なんと言っても、この世を筆頭する神官から鬼に至るまで全て顔見知りなのだから。
神の存在と逸話が語り継がれなければ、神官はその存在自体が危ぶまれる。
その点、神官自らが監修するのならば確実だ。
「お前が……逸話を?」
訝しげな顔をした風信に、慕情は微笑んだ。
「安心しろ。南陽真君が巨陽将軍である事は、未来永劫語り継がれるようにしてやる」
「真っ先に抹消しろ!!!」
風信の罵声が部屋を震わせた。
ちゃっかり耳を塞いでいた謝憐は、感嘆を漏らしながらも首を傾げる。
「それで、何年も居場所もしている事も誰にも悟らせなかった君が、突然私達にそれを教える気になったのは何故なんだ?」
慕情の表情が歪んだ。
友人に教えるのに理由が必要なのか、と言いたげにも見えるが、『友人だから教える』性格では無い事は、それこそ千と数百年の付き合いから嫌と言う程理解している。

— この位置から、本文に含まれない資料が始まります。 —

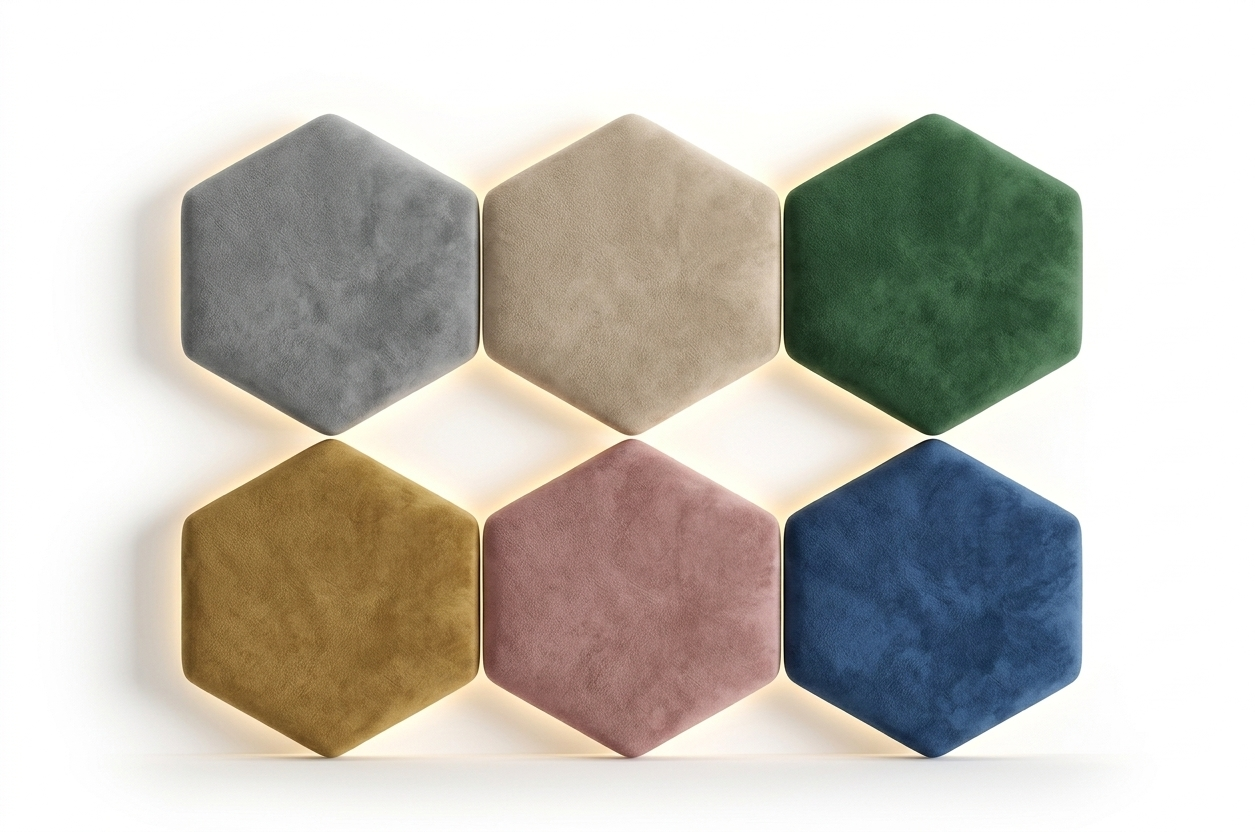 Panou decorativ tapitat hexagonal de 35 cm de la IMPACT MOB, cu design modern și textură moale, pentru amenajări interioare elegante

慕情は暫く言い淀んだ後、渋々と言った表情で口を開いた。
「………これは単なる足掛かりです。ようやく、本来の目的に取り掛かれるので、報告と……………協力の依頼に」
「協力?」
慕情から助力を求めるとは珍しい。謝憐が目を丸くする。風信も腕を組んで眉を寄せた。
「目的なんてあったのか?」
慕情は二人の顔をじとりと見る。余程言いづらいのか口籠り、暫くしてようやく口を開いた。
「……………………歴史学者です」
「学者?」
お前がか?それこそ文神の領域だろう。しかも、歴史?
人界の歴史に関心があるとは思えない。
唖然とする二人に、慕情は緊張しているのか、白い顔で言った。
「………………仙楽国の歴史をまとめて世に残すんです」
謝憐と風信はそれ以上、揶揄出来なくなった。
ただ、呆然と言葉を失うばかりだ。
そんな二人の反応を見ながら、慕情はぼそりと続ける。
「仙楽国が存在した事は、私が……………私達が語り継がなければ、それこそ幻になってしまいます」
幸い、調度品から流行りの音楽、咲いていた花から装飾まで、慕情は記憶している。
「しかし、流石に私一人で全てを編集する事は出来ない。特に、皇城に関してはお前や謝憐しか知らない事が沢山あるからな」
まぁ、覚えていたらの話だが。
とって付けたような皮肉を溢す慕情の耳は赤く染まっていた。
そっぽを向いた慕情に、謝憐が無言で飛びついた。
「………………っ」
「わっ、ちょ、謝憐!?」
危ない!と叫ぶ慕情に構わず、謝憐はぎゅうぎゅうと慕情を抱き締める。
「うん…………、そうだな。それは………私もそうしたい。仙楽国の太子殿下として、まだやれる事があるとは…………考えもしなかった………!」
ありがとう、と涙声で囁く謝憐に、慕情は大きくため息を吐いて引き剥がすのをやめた。
代わりに、慕情の手が謝憐の背を優しく撫でる。
「大袈裟です」
「お前もたまにはまともな事を言うじゃないか」
風信も満面の笑みで、珍しく慕情を誉めた。
「もちろん、俺も手伝う。手伝わせてくれ」
慕情はフンと鼻を鳴らした。
「当然だ。無い記憶を絞り出して貰うからな」
まだまだ、この世でやる事は尽きないようだ。